Or donc, nous voici dans le tournant du bar d’acajou devant ces boissons simples et agréables constituées par l’alliance du champagne et de la crème de cassis. Dans un pot de grès sont placés, en gerbe, des stylos réclame identiques à ceux dénichés dans la Porsche et chez Philippe de Tramontane. Ils sont proposés, en guise de « carte-de-la-maison », aux clients qui s’en vont.

Le taulier est un bosseur qui ne tient pas en place. Il a l’œil à tout, s’occupe de tout : fait les additions, coupe le pain, sort les bouteilles de vin blanc du frigo, donne des instructions aux serveuses, et tu sais que c’est passionnant de le voir à l’œuvre. J’ai toujours été fasciné par les travailleurs, n’importe leurs occupations : un gargotier ou un chirurgien, un garagiste ou un violoniste me mobilisent pareillement.

J’avale une lampée de kir.

Et voilà que je me mets à murmurer, d’un ton de médium :

— Deux crapules, leur coup exécuté et réussi, s’apprêtaient à regagner les States. C’était programmé, mais le ratage de ce matin leur a mis la puce à l’oreille et ils ont renoncé à leurs billets. L’un d’eux est blessé. Ces deux types attendent dans Paris que la situation s’éclaircisse. Ils détiennent l’invention et la fameuse pochette Vuitton. Ou du moins ils les ont détenues quelques jours. Pendant ce temps, leur première victime, le Hollandais, entraîne la fin tragique d’un gentil mec un peu illuminé. Ceux qui restent pleurent ceux qui ne sont plus. Un lien unit cependant les criminels aux victimes : ce restaurant.
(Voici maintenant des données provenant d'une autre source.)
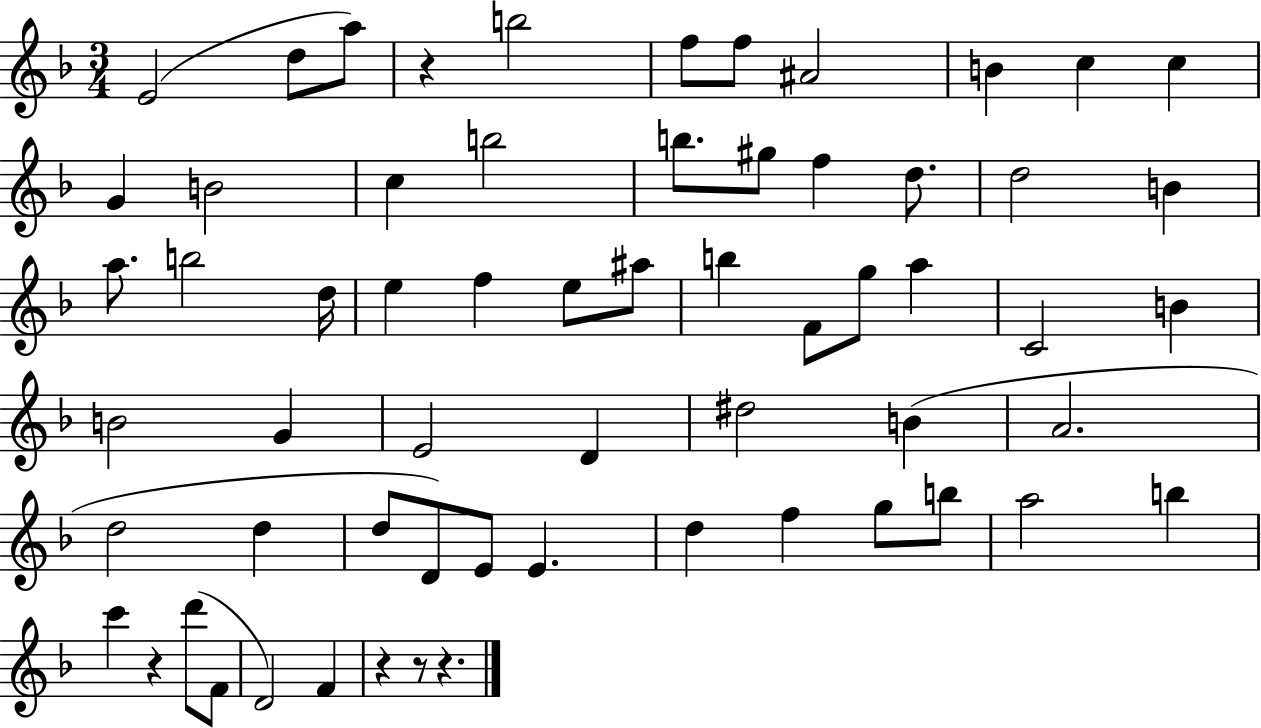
{
  \clef treble
  \numericTimeSignature
  \time 3/4
  \key f \major
  \repeat volta 2 { e'2( d''8 a''8) | r4 b''2 | f''8 f''8 ais'2 | b'4 c''4 c''4 | \break g'4 b'2 | c''4 b''2 | b''8. gis''8 f''4 d''8. | d''2 b'4 | \break a''8. b''2 d''16 | e''4 f''4 e''8 ais''8 | b''4 f'8 g''8 a''4 | c'2 b'4 | \break b'2 g'4 | e'2 d'4 | dis''2 b'4( | a'2. | \break d''2 d''4 | d''8 d'8) e'8 e'4. | d''4 f''4 g''8 b''8 | a''2 b''4 | \break c'''4 r4 d'''8( f'8 | d'2) f'4 | r4 r8 r4. | } \bar "|."
}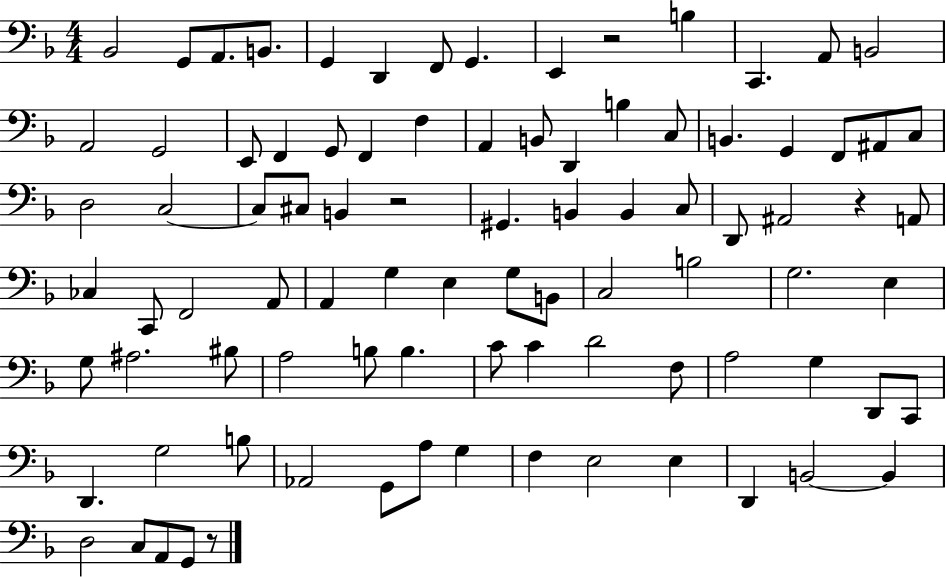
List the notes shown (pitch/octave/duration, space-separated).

Bb2/h G2/e A2/e. B2/e. G2/q D2/q F2/e G2/q. E2/q R/h B3/q C2/q. A2/e B2/h A2/h G2/h E2/e F2/q G2/e F2/q F3/q A2/q B2/e D2/q B3/q C3/e B2/q. G2/q F2/e A#2/e C3/e D3/h C3/h C3/e C#3/e B2/q R/h G#2/q. B2/q B2/q C3/e D2/e A#2/h R/q A2/e CES3/q C2/e F2/h A2/e A2/q G3/q E3/q G3/e B2/e C3/h B3/h G3/h. E3/q G3/e A#3/h. BIS3/e A3/h B3/e B3/q. C4/e C4/q D4/h F3/e A3/h G3/q D2/e C2/e D2/q. G3/h B3/e Ab2/h G2/e A3/e G3/q F3/q E3/h E3/q D2/q B2/h B2/q D3/h C3/e A2/e G2/e R/e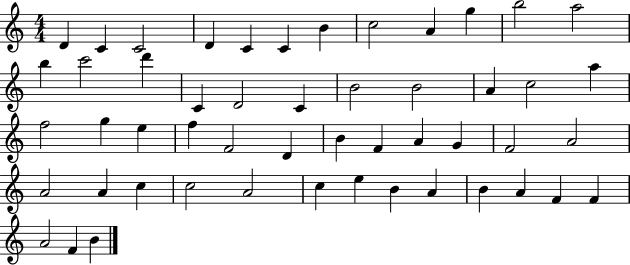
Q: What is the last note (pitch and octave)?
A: B4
Deux stylos publicitaires à un franc vingt-cinq pièce attestent que les tueurs et les « tués » sont venus, au moins une fois, dans cette boîte.

Le taulier me lance :

— Ça va y être : je prépare la note du 14 !

Effectivement il achève de calligraphier des prix sur un beau papier paille, style parchemin.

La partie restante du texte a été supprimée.